Homosexuelle haben dieselben Bedürfnisse wie alle anderen auch. Dazu gehören auch soziale Bedürfnisse wie Zugehörigkeitsgefühl, Anerkennung oder Respekt. Kann ein Werbetreibender diese Bedürfnisse erfüllen, besteht eine höhere Wahrscheinlichkeit, daß ein Kaufmotiv für sein Produkt entsteht.

Um sich einer Werbebotschaft bewußt zuzuwenden, bedarf es einer Aktivierung, die z.B. durch Reize ausgelöst werden kann (ohne von der Botschaft abzulenken).

Wer sich/sein Produkt frühzeitig positioniert, hat beste Chancen, seinen Mitbewerbern gegenüber im Vorteil zu sein.

Produkte können speziell für Schwule und/oder Lesben konzipiert sein (exklusiv, z.B. Gay Tours), doch die meisten Produkte werden von Leuten jeglicher sexueller Orientierung verwendet. Es kann jedoch sinnvoll sein, Homosexuelle in die Werbeansprache einzubeziehen. Diese inklusive Ansprache kann integriert, verdeckt oder neutral sein.

Medien

Die Schwulen-Print-Presse in Deutschland läßt sich grob in Magazine und Lokalblätter unterteilen. Dort wird man für Werbung weniger Streuverluste erwarten können, als in Publikationen, die von allen gelesen werden.

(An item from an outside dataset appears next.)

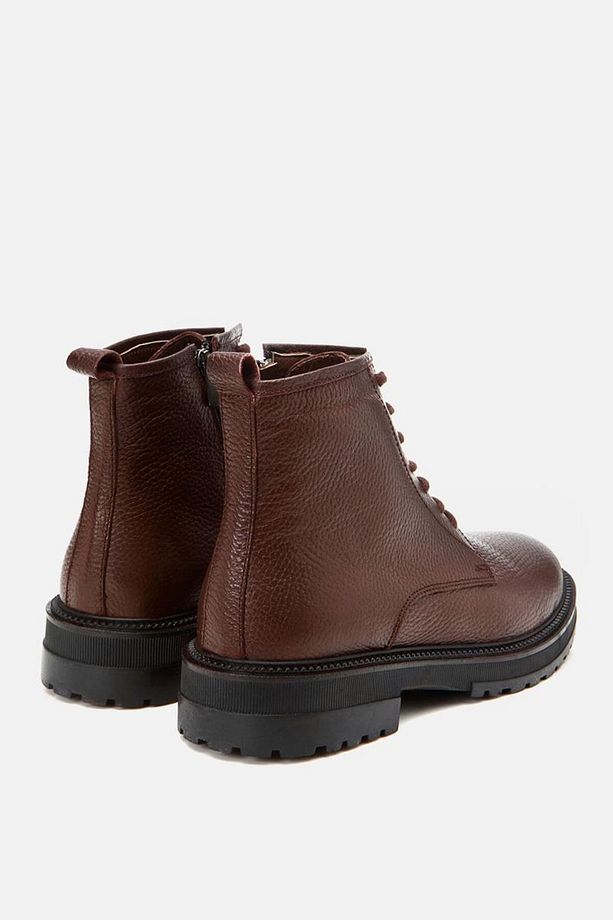 Kahve Erkek Bot 02BOY298990A480 - 7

"Schwules Radio und TV" ist meist noch auf kurze Sendezeiten in meist offenen Kanälen begrenzt. Hier gibt es jedoch Probleme mit der Ausstrahlung von Werbung. Daher ist hier zu empfehlen, über Editorials und Sponsoring werbend in Erscheinung zu treten.

Sponsoring

Organisationen und Events, die für eine homosexuelle Gemeinde einen hohen Stellenwert haben, können durch Sponsoring Awareness bei dieser Zielgruppe aufbauen. Neben lokalen Aktionen zu Gunsten der Aids-Hilfe oder DJ-Sponsoring können auch Großveranstaltungen wie der Christopher Street Day oder die EuroGames (Olympisches Ereignis der Homosexuellen) unterstützt werden.

Resultat

Schwule und Lesben bieten quantitativ wie qualitativ ein Kaufpotential, das es lohnend erscheinen läßt, sie gezielt zu umwerben. Um dies effizient zu betreiben sollte ihre Struktur jedoch marktforscherisch weiter aufgeschlüsselt werden. So könnten auch effiziente Adressenlisten entstehen.

Die deutschen Homosexuellen dem amerikanischen Beispiel folgen sollten, Präsenz zu zeigen und damit die Furcht vor dem Fremden zu reduzieren.

Werbetreibende sollten durch ihr Verhalten zu einer Reduzierung der Diskriminierung beitragen. So sollte Marketing-Kommunikation in erster Linie Schwule und Lesben in die Werbung integrieren.